Tech stocks have soared this year, and their big weighting in the S&P 500 has helped push the index to records with a 25.1% year-to-date gain in 2021.
Some investors are worried the valuations may have ascended into nosebleed territory. Google-parent Alphabet, for instance, trades at a 12-month forward price-to-earnings ratio of 26.6, compared to a valuation of 21.1 for the S&P 500.
Apple Inc is valued at 26.2 forward earnings, while the information technology sector, up nearly 28% this year, carries a forward P/E of 26.4.
While gains in big technology stocks have boosted the S&P for more than a decade now, their heavy weighting could sink the index if tech falls out of favor. Microsoft, Apple and Amazon, Wall Street’s three most valuable companies, account for close to 15% of the S&P 500’s market capitalization, according to Refinitiv Datastream.
Fund managers in last month’s BoFA Global Research Survey named “long tech” as the market’s most crowded trade and had collectively reduced their “overweight” positions in tech stocks to the lowest level since May. The market’s top four most crowded individual stocks are Microsoft, Apple, Alphabet and Amazon, according to a recent analysis by research firm Bernstein, incorporating factors such as institutional ownership and price momentum.

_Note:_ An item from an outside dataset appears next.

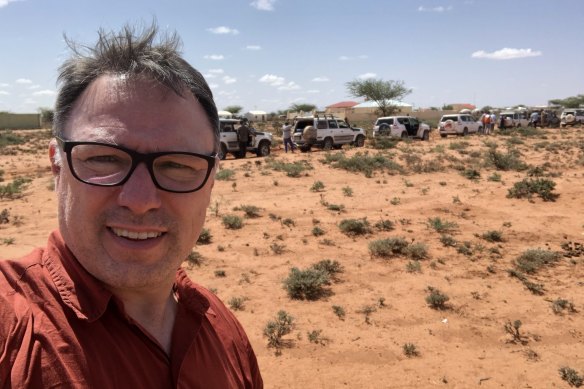 Matt Wade with the World Vision convoy and armed escort in Somaliland.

Limiting exposure to tech stocks over the last decade has tended to hurt portfolio performance over the long run, making investors wary of cutting their holdings too drastically. Still, some are looking to broaden their portfolios to reduce their exposure to the sector’s biggest names.
Garret Melson, a portfolio strategist at Natixis Investment Managers Solutions, believes large technology company stocks may be vulnerable to investors seeking to lock in profits and move some funds to other sectors. Melton is buying shares in financial and energy companies, which he believes will benefit from rising inflation and a strong economic recovery.
“We’re in the camp that the growth rate in the economy is being under-appreciated this year and next year,” Melson said.
Analysts at DataTrek Research believe sectors that can benefit from rising growth, including financials and energy companies, are likely to challenge big tech stocks into year-end.
“Technology has been a winning group for many years, and we expect it will continue to be so in the future,” they wrote in a Friday report. “But as investors consider where to allocate capital today … we think it likely they will seek out sectors with more exposure to improving economic fundamentals.”
Strong U.S. employment numbers on Friday brightened the economic outlook, as did news of a promising experimental antiviral drug from Pfizer. Travel stocks benefited, with the S&P 1500 airlines index climbing 7% on the day. [.N]
Investors will gain insight into inflation when U.S. consumer price data is released next week.
Denny Fish, a portfolio manager and technology sector lead at Janus Henderson, said inflation concerns and high valuations in the technology sector have prompted him to look for smaller companies that will benefit from growth of giants with more crowded stock positions.
Fish is bullish on shares of Australian software development company Atlassian Corp PLC, whose product management tools “augment” Microsoft’s suite of applications, as well as Canadian e-commerce company Shopify Inc, which benefits from the growth of Amazon, he said.
“What we’re doing is finding emerging companies that have even better growth than the giant companies and rational valuations that will outperform over multi-year periods,” Fish said.
Plenty of investors remain bullish on big tech-focused stocks, citing their strong earnings and history of dynamic growth.
Saira Malik, chief investment officer for global equities at Nuveen, is looking for tech companies that may benefit from rising inflation and have lagged the broad market rally.
She believes shares of Amazon.com Inc, which has trailed the market with an 8% gain this year, will be one such “catch up trade,” powered by growth in e-commerce.
“This is a time to be more selective,” Malik said.